If I were building a search engine…
- You need to start building your own index of the web. That means you need a crawler (robot) and it needs to be good. It takes time to build an index and it is not cheap.
- I would gather in info from other providers: Wikipedia, Wolfram Alpha whatever I could cobble together.
- Until your own index is ready, you need to have a search results from a big search engine. There are only two left: Google and Bing in English.
- What happens if Google or Bing refuse to sell you a search feed or if they refuse to renew because you are getting too big? You could probably hammer together a good blended backfill feed by combining Mojeek, Gigablast and Yandex using your own algorithm. You either lead with your own results and use the other three as backfill or you blend your own results in with the three others in a sort of seamless metasearch. (You do need to plan for “what if” scenarios.
- All the above is to buy you time while you learn and refine how to crawl the web on your own.
- Eventually you roll out your own search index as the backbone of the search results with the others maybe on standby for queries you are weak on.
Qwant seems to be the other player. Their strategy is more open: they are actively building an index by crawling the web. Bing is providing backfill. It is not obvious where Qwant’s index ends and Bing’s begins. The results are good and seamless. With a little luck, marketing and money Qwant will eventually need to use Bing less and less. This too is a good plan.

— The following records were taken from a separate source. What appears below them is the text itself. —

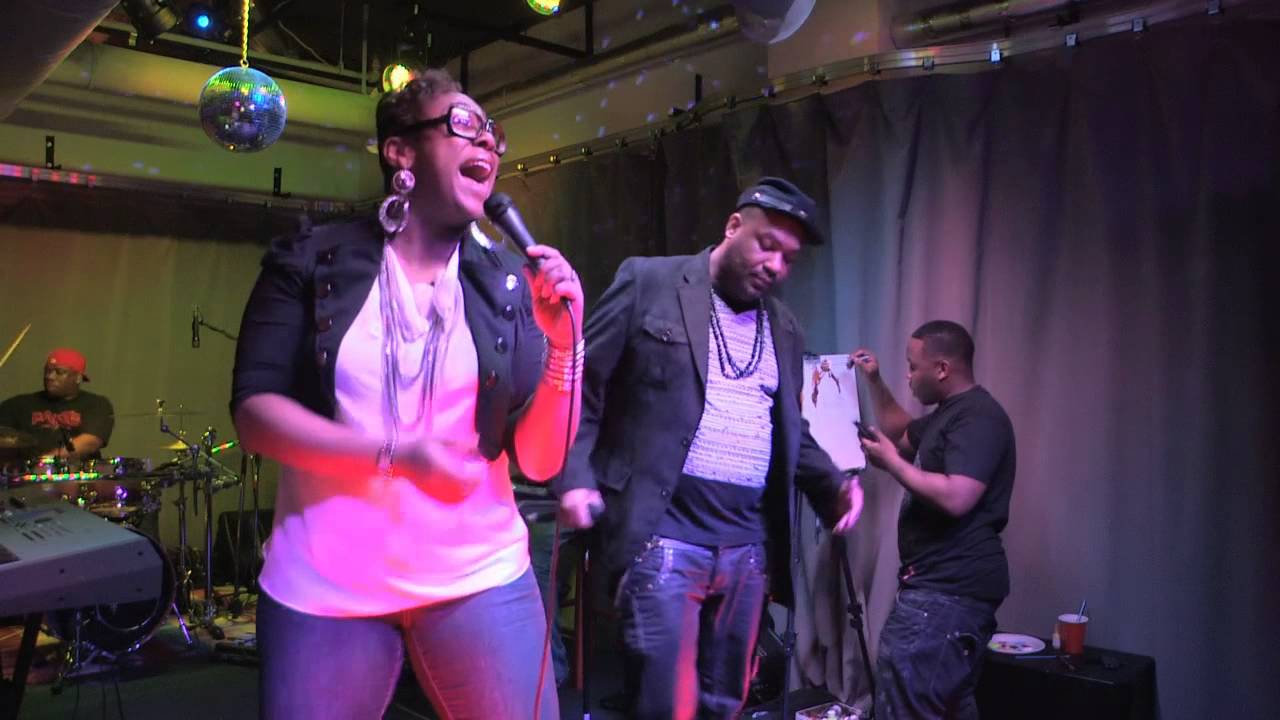Lovely Day: Raheem DeVaughn, Avery Sunshine, Kindred Plus, Pay Tribute To Front-Line [VIDEO]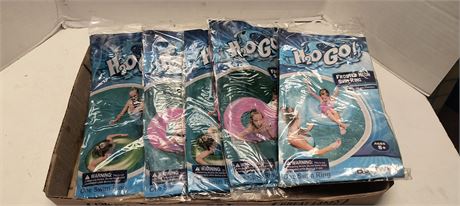 Flat Of H2Go Swim Rings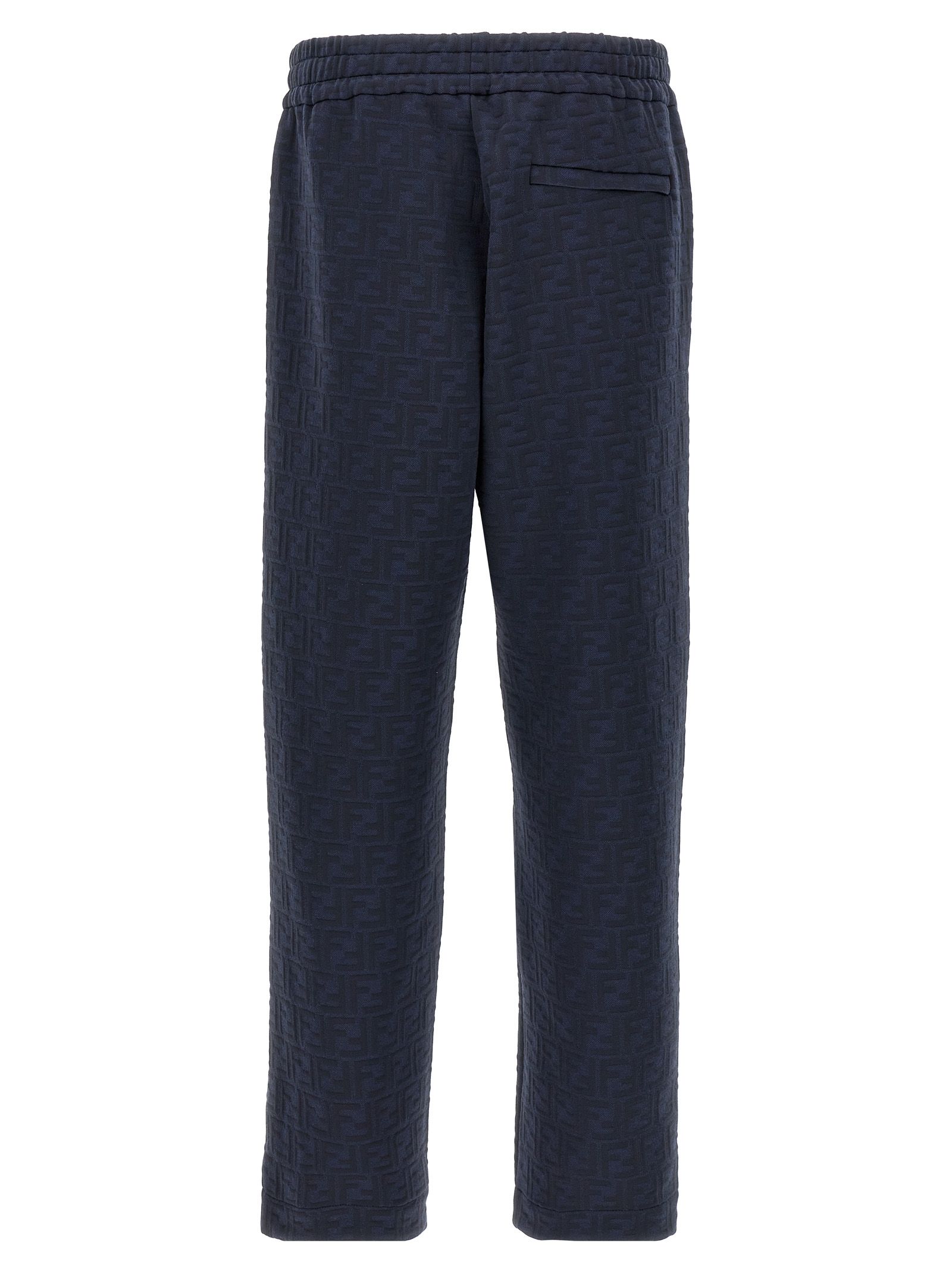 Polyester Joggers (Workout Men's Pants) - Fendi - Modalova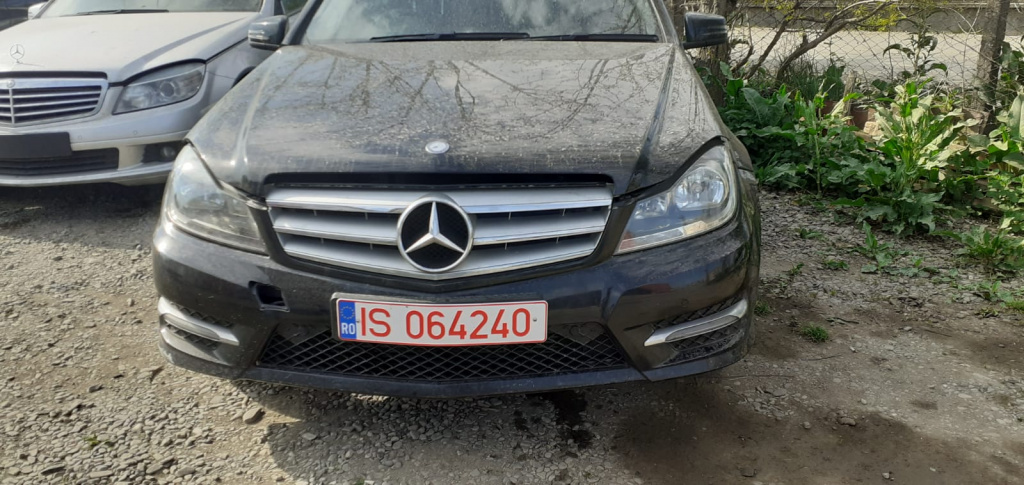 Bloc lumini Mercedes C-Class W204 2013 Berlina 2.1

Fortunately, Bing is willing to sell it’s search feed to just about anyone that can pay the fee. For now. I do not think Microsoft really knows what to do with Bing, except to somehow milk it for all the dollars they can get until they decide what to do with it and how it fits in with the company strategy.
Search engines are important but they are not as important as they were before the social media silos of Facebook and Twitter. You don’t need Google to find a company’s Facebook page.
If I were trying to build a search engine today those are some of the things I would try. All this could change in a year.